(INPUT DATA begins)

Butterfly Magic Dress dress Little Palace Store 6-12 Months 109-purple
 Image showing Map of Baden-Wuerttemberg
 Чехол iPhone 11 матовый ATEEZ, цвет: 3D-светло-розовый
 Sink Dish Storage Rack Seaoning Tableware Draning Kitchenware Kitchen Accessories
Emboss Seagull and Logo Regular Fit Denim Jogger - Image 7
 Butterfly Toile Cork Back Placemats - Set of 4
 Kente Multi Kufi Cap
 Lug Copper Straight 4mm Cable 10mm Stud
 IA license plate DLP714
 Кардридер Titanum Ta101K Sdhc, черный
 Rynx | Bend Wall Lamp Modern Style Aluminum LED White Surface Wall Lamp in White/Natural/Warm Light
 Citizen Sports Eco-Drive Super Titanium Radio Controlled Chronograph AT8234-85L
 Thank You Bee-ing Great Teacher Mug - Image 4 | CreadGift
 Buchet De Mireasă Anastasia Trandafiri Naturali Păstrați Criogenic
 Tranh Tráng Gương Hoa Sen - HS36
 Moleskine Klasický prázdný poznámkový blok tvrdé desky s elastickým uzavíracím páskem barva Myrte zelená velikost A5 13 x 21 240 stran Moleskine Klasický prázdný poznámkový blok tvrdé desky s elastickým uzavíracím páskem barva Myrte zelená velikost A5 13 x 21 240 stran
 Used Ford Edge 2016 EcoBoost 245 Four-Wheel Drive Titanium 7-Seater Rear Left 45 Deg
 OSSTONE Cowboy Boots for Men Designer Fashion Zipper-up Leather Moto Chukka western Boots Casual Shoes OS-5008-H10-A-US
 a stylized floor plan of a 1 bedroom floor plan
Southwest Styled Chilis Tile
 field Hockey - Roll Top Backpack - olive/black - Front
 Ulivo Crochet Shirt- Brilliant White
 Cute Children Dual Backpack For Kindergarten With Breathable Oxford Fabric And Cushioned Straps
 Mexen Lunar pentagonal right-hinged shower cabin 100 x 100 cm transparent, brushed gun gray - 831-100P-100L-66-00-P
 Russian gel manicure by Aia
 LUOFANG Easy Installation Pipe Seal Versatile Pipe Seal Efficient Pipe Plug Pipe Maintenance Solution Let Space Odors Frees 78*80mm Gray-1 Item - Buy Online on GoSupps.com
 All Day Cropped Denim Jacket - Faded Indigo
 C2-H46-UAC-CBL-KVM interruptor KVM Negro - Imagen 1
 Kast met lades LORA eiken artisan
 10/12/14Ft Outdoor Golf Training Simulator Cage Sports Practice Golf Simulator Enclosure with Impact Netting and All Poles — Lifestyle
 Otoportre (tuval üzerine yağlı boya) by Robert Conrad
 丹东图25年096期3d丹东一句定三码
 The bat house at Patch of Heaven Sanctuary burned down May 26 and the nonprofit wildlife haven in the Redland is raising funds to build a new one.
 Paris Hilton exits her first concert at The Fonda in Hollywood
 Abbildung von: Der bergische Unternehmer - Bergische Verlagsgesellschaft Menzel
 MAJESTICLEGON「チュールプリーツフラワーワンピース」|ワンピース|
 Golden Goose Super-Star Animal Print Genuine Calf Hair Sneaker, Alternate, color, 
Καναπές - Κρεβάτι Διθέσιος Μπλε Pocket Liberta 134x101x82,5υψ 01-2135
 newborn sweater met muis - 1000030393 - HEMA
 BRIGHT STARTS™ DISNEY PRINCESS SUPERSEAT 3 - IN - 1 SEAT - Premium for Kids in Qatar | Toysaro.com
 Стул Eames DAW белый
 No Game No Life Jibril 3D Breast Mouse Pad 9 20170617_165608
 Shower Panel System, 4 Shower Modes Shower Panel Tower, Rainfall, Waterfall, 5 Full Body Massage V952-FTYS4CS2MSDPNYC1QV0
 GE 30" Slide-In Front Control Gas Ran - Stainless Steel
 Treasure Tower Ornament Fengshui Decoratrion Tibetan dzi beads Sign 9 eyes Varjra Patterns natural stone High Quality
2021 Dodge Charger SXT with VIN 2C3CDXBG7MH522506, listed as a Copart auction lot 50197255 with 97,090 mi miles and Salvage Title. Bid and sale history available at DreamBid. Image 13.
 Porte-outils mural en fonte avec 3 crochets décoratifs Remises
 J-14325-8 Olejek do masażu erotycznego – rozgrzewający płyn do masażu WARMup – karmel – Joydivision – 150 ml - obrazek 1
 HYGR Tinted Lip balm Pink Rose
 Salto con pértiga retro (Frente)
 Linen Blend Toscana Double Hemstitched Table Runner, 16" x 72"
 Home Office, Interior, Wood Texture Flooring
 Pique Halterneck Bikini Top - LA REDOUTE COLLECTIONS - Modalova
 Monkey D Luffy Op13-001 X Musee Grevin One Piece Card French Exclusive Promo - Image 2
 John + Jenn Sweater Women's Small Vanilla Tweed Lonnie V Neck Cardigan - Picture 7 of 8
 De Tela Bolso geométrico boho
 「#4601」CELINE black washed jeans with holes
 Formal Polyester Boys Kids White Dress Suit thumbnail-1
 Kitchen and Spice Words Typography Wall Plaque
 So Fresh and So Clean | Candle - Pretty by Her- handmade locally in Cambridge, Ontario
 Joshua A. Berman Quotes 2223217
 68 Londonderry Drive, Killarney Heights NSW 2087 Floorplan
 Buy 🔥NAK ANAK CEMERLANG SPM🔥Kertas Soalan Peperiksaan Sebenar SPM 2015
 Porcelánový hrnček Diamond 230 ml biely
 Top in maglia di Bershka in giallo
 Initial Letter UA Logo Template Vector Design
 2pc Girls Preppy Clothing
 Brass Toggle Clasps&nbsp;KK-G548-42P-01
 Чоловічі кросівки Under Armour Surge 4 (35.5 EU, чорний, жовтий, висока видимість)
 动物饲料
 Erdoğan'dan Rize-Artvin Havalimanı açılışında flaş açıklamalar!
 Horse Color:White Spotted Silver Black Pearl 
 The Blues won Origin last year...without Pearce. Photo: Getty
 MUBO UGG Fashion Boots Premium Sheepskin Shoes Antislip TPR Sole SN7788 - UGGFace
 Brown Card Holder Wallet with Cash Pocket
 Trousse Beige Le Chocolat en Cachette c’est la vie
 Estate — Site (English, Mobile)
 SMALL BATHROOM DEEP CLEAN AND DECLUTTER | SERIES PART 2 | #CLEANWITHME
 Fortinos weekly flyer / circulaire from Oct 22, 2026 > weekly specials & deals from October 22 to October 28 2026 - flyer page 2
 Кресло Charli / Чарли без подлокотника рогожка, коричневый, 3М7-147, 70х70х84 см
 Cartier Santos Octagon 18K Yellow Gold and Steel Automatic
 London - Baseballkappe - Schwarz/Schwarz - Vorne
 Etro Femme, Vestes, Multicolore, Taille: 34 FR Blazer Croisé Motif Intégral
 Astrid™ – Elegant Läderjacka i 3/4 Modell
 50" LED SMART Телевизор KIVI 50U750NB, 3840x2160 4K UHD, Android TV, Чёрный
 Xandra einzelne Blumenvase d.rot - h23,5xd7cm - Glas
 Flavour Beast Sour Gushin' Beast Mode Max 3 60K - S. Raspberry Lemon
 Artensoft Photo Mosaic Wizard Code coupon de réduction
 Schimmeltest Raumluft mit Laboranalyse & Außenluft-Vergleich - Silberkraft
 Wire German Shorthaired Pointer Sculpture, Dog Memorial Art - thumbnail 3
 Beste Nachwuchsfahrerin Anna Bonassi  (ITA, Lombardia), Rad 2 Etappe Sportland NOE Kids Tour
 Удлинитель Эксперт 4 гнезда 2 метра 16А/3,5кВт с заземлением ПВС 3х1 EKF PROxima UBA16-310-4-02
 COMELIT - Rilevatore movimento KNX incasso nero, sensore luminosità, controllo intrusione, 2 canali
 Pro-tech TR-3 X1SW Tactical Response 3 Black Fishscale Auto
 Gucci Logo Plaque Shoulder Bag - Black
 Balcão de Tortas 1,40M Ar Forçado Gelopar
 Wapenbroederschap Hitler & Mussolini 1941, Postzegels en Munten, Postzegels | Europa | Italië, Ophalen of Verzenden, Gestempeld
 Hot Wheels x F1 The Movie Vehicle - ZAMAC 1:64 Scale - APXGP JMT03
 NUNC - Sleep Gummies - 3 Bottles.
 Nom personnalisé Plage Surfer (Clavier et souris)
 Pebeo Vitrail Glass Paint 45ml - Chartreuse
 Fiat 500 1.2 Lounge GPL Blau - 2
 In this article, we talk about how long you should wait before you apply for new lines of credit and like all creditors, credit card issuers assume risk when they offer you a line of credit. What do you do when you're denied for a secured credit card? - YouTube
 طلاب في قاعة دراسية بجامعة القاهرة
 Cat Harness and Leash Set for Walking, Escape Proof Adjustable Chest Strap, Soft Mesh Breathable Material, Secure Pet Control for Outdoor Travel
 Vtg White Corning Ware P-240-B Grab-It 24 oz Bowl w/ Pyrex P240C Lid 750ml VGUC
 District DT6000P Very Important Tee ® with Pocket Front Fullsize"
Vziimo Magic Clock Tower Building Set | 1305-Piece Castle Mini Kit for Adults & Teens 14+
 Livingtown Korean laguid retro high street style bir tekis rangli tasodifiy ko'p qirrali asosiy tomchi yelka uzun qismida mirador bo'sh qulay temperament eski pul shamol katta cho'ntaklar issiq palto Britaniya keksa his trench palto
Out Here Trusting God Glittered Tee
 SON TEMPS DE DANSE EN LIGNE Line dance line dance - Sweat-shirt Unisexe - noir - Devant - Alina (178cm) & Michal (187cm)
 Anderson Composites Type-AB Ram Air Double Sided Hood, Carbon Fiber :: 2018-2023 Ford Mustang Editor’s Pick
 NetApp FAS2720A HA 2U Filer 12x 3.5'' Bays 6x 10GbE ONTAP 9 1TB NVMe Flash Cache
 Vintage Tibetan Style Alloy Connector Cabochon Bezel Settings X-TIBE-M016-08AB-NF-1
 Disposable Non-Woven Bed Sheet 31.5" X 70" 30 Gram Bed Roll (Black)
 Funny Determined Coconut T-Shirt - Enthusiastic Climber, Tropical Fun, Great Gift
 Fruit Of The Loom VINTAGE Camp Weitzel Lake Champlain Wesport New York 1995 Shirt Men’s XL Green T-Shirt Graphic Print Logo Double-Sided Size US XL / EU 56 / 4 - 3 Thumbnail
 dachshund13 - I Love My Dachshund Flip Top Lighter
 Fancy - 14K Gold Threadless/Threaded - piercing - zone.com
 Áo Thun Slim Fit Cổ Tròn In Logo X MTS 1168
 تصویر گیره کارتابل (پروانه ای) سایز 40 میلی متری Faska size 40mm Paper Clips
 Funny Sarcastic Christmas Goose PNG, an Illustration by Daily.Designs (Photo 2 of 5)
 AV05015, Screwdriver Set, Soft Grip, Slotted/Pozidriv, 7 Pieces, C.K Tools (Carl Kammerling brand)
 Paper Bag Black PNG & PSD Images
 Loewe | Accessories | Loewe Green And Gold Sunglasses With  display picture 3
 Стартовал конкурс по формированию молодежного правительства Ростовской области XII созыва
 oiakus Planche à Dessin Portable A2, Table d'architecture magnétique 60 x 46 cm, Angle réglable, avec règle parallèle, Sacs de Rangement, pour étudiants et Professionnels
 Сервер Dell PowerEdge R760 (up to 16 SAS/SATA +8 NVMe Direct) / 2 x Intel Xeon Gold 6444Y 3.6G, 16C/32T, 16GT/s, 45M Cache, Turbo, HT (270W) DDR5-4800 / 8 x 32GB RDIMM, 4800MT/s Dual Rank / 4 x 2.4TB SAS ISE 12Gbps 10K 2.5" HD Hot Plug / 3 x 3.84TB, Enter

(INPUT DATA ends)

• TASK TO CARRY OUT: Look above for the line containing "OSSTONE Cowboy Boots" and the line containing "Ulivo Crochet Shirt- Brilliant White". Transcribe both, with the lines between them, exactly.

• SOLUTION BELOW:
 OSSTONE Cowboy Boots for Men Designer Fashion Zipper-up Leather Moto Chukka western Boots Casual Shoes OS-5008-H10-A-US
 a stylized floor plan of a 1 bedroom floor plan
Southwest Styled Chilis Tile
 field Hockey - Roll Top Backpack - olive/black - Front
 Ulivo Crochet Shirt- Brilliant White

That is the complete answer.